Accurate nonadiabatic quantum dynamics on the cheap: making the most of mean field theory with master equations

TL;DR

This paper introduces the MF-GQME method, combining mean field theory with master equations, to improve accuracy and efficiency in simulating nonadiabatic quantum dynamics in complex systems.

Contribution

It develops a non-perturbative, non-Markovian approach that enhances mean field theory with master equations, enabling accurate long-time quantum dynamics simulations at reduced computational cost.

Findings

MF-GQME outperforms direct mean field theory in accuracy.

Computational speed-ups of 10 to 100 times are achieved.
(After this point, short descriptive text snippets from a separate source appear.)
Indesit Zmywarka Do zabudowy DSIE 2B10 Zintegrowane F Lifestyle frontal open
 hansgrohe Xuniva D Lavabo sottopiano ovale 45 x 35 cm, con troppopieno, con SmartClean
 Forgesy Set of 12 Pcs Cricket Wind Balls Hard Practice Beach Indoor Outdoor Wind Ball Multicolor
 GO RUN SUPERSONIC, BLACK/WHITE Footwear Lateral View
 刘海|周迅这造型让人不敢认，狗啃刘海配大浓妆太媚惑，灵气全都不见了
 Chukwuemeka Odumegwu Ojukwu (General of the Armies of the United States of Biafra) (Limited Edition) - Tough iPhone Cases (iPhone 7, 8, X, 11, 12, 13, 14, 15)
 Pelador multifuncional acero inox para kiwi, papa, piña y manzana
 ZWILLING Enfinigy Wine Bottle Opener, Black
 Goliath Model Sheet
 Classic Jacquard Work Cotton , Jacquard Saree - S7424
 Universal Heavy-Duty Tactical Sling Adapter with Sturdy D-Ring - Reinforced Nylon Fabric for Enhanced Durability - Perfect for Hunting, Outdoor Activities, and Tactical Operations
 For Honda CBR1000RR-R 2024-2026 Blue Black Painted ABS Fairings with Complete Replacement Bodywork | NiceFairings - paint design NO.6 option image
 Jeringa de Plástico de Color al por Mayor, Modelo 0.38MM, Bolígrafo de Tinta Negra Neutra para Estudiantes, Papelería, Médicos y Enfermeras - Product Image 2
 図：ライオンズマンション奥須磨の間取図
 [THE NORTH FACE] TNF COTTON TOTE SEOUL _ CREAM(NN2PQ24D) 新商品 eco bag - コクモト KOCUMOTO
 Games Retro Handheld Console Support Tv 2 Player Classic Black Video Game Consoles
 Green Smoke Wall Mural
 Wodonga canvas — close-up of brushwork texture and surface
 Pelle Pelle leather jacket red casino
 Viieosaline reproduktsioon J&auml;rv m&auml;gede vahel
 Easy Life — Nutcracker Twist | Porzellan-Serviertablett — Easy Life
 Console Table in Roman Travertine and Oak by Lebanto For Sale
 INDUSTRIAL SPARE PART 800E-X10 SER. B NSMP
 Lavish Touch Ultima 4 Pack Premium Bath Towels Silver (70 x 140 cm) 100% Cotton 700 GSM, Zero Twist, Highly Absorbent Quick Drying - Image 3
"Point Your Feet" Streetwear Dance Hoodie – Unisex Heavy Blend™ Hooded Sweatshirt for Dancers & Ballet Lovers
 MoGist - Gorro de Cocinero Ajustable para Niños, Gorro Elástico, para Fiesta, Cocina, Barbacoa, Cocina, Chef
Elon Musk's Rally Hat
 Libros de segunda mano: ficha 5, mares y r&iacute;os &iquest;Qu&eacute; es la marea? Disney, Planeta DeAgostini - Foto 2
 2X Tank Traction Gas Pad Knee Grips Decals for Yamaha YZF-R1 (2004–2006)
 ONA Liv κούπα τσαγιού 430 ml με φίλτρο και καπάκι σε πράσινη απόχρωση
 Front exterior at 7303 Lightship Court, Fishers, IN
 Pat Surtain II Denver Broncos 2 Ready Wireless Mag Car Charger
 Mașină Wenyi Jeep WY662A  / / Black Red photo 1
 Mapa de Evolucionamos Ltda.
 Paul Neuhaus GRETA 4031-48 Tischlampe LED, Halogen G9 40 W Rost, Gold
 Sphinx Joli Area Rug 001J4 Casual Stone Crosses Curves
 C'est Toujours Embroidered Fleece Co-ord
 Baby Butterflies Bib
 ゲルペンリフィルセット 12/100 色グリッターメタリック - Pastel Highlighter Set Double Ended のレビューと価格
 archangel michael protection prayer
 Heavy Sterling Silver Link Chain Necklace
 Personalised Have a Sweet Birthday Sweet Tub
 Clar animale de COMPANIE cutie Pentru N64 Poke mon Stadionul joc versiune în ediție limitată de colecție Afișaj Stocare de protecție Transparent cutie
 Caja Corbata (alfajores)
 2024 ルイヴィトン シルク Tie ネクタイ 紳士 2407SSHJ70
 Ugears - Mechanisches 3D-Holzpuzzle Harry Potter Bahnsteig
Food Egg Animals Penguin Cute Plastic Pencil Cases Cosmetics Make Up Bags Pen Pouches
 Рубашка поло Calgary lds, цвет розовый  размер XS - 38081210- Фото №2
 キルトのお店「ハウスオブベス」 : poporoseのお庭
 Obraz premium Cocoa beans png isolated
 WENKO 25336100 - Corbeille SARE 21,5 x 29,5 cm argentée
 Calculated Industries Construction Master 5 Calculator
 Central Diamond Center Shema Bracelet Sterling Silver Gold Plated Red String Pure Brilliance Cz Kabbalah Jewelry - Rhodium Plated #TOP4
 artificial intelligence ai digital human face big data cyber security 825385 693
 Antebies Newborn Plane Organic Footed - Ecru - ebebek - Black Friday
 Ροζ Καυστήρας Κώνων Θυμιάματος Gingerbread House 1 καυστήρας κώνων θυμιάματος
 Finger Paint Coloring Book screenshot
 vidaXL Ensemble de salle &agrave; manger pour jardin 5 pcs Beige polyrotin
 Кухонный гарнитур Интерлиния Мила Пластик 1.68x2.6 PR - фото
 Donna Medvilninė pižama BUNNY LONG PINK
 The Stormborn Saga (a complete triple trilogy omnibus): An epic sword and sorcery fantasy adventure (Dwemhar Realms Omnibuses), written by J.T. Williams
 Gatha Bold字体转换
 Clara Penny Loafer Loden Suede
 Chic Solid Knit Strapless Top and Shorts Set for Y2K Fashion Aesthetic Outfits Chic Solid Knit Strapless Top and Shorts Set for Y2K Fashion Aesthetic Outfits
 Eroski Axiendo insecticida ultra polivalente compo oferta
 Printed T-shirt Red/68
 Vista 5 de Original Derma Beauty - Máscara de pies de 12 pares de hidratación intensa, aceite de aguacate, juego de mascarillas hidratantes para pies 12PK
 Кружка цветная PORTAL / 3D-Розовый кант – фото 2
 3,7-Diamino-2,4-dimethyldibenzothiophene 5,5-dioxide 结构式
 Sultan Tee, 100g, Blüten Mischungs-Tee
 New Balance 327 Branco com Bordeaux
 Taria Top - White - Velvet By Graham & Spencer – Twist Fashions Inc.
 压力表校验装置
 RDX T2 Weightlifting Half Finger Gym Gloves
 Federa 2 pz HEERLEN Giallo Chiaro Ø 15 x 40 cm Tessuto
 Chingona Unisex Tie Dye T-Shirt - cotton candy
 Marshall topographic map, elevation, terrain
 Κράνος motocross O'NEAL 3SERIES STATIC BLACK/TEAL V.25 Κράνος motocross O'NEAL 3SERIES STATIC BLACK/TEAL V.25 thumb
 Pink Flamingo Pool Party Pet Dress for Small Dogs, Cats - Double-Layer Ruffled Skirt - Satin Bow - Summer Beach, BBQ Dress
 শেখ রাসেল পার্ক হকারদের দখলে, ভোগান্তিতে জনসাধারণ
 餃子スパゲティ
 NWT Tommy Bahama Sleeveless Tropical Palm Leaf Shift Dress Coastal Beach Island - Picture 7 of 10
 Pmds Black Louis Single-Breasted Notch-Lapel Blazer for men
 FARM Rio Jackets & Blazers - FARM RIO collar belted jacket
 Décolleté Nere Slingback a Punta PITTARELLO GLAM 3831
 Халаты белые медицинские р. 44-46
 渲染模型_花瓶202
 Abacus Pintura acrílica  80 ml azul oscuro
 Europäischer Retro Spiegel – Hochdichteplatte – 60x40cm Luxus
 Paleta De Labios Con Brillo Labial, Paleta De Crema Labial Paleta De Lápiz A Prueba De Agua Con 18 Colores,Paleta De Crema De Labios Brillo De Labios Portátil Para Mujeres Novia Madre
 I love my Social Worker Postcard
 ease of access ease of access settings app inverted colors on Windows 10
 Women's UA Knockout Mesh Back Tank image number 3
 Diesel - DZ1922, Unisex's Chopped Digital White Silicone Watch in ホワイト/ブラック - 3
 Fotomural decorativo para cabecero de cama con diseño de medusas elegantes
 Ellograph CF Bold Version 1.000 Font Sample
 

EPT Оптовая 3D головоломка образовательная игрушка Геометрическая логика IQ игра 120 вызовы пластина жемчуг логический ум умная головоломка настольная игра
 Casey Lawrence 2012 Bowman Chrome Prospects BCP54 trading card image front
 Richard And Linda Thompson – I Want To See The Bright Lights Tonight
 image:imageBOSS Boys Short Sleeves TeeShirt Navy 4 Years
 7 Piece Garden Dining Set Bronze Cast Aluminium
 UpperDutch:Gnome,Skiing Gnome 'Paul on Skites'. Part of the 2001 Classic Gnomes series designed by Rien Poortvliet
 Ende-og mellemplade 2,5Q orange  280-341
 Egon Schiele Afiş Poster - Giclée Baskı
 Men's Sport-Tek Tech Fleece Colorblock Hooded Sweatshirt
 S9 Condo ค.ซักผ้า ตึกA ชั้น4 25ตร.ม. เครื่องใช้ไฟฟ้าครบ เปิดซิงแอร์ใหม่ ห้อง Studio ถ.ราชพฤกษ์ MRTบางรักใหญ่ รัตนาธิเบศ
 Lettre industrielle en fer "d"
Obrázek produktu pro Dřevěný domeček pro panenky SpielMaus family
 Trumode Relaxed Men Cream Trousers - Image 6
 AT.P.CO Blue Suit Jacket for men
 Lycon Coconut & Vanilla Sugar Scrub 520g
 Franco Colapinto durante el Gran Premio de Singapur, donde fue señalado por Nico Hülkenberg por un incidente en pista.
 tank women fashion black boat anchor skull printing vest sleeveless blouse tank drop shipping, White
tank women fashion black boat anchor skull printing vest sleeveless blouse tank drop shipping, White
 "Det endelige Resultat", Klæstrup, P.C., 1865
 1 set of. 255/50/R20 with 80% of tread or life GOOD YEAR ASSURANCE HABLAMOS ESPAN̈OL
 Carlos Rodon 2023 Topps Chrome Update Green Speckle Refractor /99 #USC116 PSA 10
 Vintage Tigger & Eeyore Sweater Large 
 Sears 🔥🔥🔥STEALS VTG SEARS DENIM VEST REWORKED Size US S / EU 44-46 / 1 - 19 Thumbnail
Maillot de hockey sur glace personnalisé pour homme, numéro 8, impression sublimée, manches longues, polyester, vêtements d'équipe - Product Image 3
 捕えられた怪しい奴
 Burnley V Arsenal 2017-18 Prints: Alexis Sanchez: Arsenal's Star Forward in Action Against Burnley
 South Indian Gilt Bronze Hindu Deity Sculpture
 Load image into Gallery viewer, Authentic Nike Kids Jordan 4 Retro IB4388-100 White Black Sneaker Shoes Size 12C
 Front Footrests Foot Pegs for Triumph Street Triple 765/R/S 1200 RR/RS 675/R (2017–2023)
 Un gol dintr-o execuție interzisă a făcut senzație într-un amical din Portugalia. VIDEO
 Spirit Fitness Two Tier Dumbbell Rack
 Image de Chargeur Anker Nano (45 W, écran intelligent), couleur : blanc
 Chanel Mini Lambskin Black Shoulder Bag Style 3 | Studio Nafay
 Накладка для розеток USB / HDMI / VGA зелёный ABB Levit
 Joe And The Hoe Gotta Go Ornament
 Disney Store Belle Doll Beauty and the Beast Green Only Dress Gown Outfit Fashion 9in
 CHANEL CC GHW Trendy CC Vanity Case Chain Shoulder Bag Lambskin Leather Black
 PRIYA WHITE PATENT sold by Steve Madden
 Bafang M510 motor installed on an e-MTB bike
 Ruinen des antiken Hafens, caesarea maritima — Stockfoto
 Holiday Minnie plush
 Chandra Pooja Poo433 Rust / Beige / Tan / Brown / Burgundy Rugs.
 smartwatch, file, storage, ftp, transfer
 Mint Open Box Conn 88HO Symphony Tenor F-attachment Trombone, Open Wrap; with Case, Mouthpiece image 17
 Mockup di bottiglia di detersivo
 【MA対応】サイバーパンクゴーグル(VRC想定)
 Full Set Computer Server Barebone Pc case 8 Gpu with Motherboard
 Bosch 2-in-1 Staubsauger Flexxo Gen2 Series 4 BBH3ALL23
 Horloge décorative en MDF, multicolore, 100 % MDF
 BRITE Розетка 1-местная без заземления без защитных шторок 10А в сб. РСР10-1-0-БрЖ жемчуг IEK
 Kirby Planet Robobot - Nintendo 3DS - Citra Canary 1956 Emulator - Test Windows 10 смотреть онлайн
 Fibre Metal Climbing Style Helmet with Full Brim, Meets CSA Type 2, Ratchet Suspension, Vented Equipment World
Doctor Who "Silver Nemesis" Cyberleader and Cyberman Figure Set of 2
Method is effective across various nonadiabatic regimes.

Abstract

In this article we show how Ehrenfest mean field theory can be made both a more accurate and efficient method to treat nonadiabatic quantum dynamics by combining it with the generalized quantum master equation framework. The resulting mean field generalized quantum master equation (MF-GQME) approach is a non-perturbative and non-Markovian theory to treat open quantum systems without any restrictions on the form of the Hamiltonian that it can be applied to. By studying relaxation dynamics in a wide range of dynamical regimes, typical of charge and energy transfer, we show that MF-GQME provides a much higher accuracy than a direct application of mean field theory. In addition, these increases in accuracy are accompanied by computational speed-ups of between one and two orders of magnitude that become larger as the system becomes more nonadiabatic. This combination of quantum-classical theory and master equation techniques thus makes it possible to obtain the accuracy of much more computationally expensive approaches at a cost lower than even mean field dynamics, providing the ability to treat the quantum dynamics of atomistic condensed phase systems for long times.